Here's an example of the syntax:
reg [31:0] dword;
reg [7:0] byte0;
reg [7:0] byte1;
reg [7:0] byte2;
reg [7:0] byte3;
assign byte0 = dword[0 +: 8]; // Same as dword[7:0]
assign byte1 = dword[8 +: 8]; // Same as dword[15:8]
assign byte2 = dword[16 +: 8]; // Same as dword[23:16]
assign byte3 = dword[24 +: 8]; // Same as dword[31:24]
The biggest advantage with this syntax is that you can use a variable for the index. Normal part selects in Verilog require constants. So attempting the above with something like dword[i+7:i] is not allowed.
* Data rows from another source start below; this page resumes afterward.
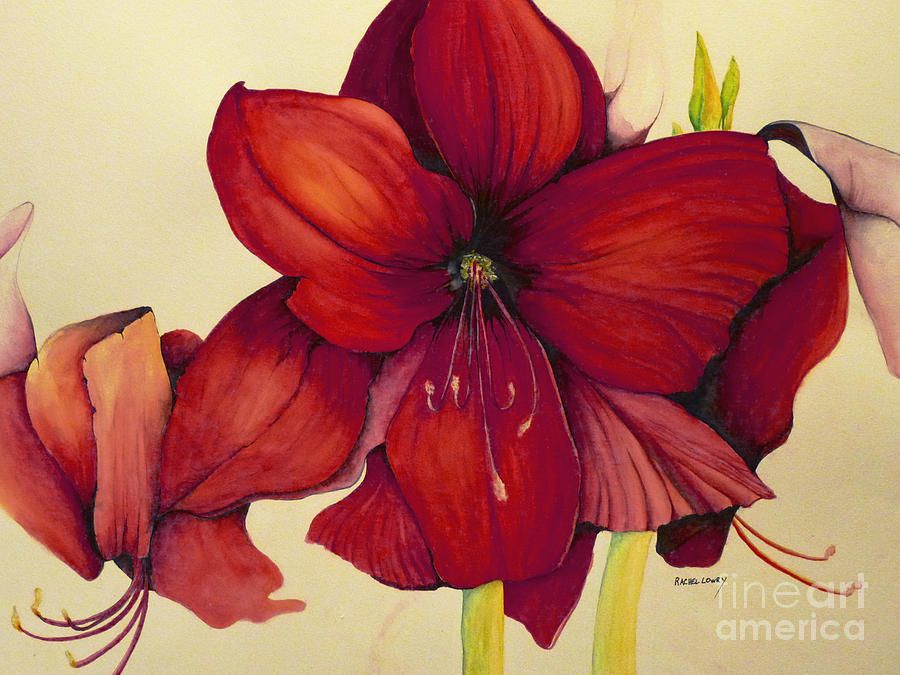 RED Christmas Amaryllis Painting by Rachel Lowry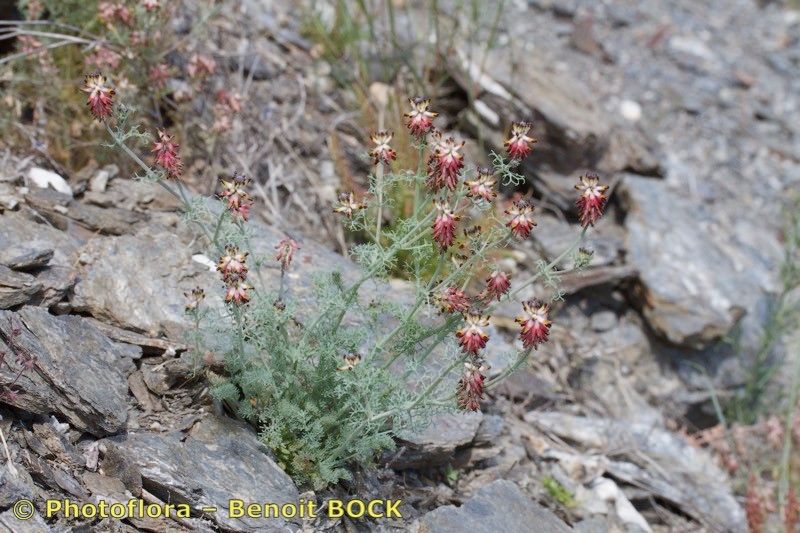 Platycapnos tenuiloba habit
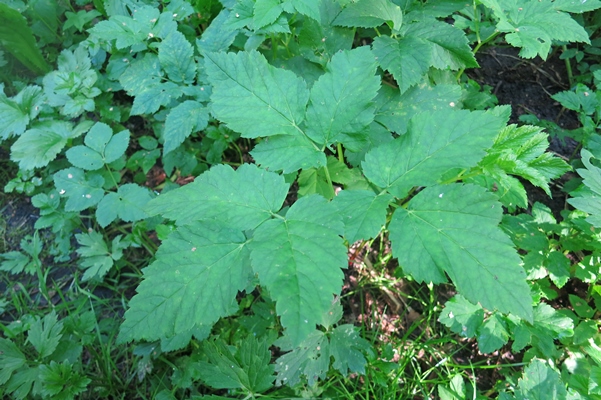 plant goutweedglagueaiseweed green background in the forest 2 1 - Омлет со снытью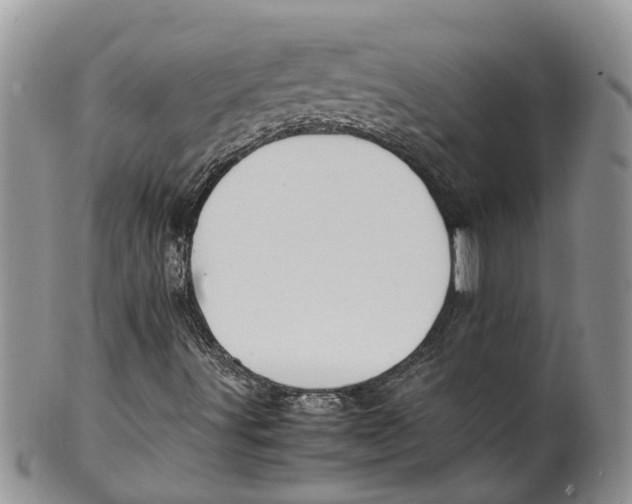 X0000099511491200806051134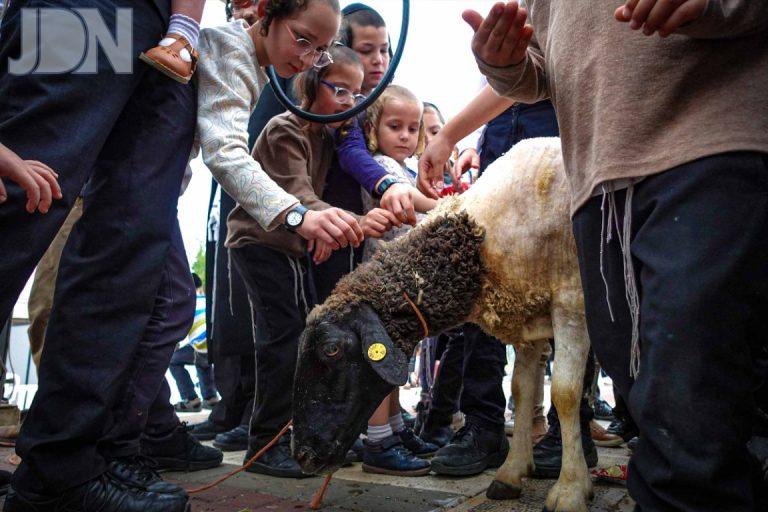 ראשית הגז עמנואל (31)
So if you want to select a particular byte using a variable select, you can use the indexed part select.
Example using variable:
reg [31:0] dword;
reg [7:0] byte;
reg [1:0] i;
// This is illegal due to the variable i, even though the width is always 8 bits
assign byte = dword[(i*8)+7 : i*8]; // ** Not allowed!
// Use the indexed part select
assign byte = dword[i*8 +: 8];
The purpose of this operator is when you need to access a slice of a bus, both MSB position and LSB positions are variables, but the width of the slice is a constant value, as in the example below:
bit[7:0] bus_in = 8'hAA;
int lsb = 3;
int msb = lsb+3; // Setting msb=6, for out bus of 4 bits
bit[3:0] bus_out_bad = bus_in[msb:lsb]; // ILLEGAL - both boundaries are variables
bit[3:0] bus_out_ok = bus_in[lsb+:3]; // Good - only one variable
5.2.1 Vector bit-select and part-select addressing
Bit-selects extract a particular bit from a vector net, vector reg, integer, or time variable, or parameter. The bit can be addressed using an expression. If the bit-select is out of the address bounds or the bit-select is x or z , then the value returned by the reference shall be x . A bit-select or part-select of a scalar, or of a variable orparameter of type real or realtime, shall be illegal.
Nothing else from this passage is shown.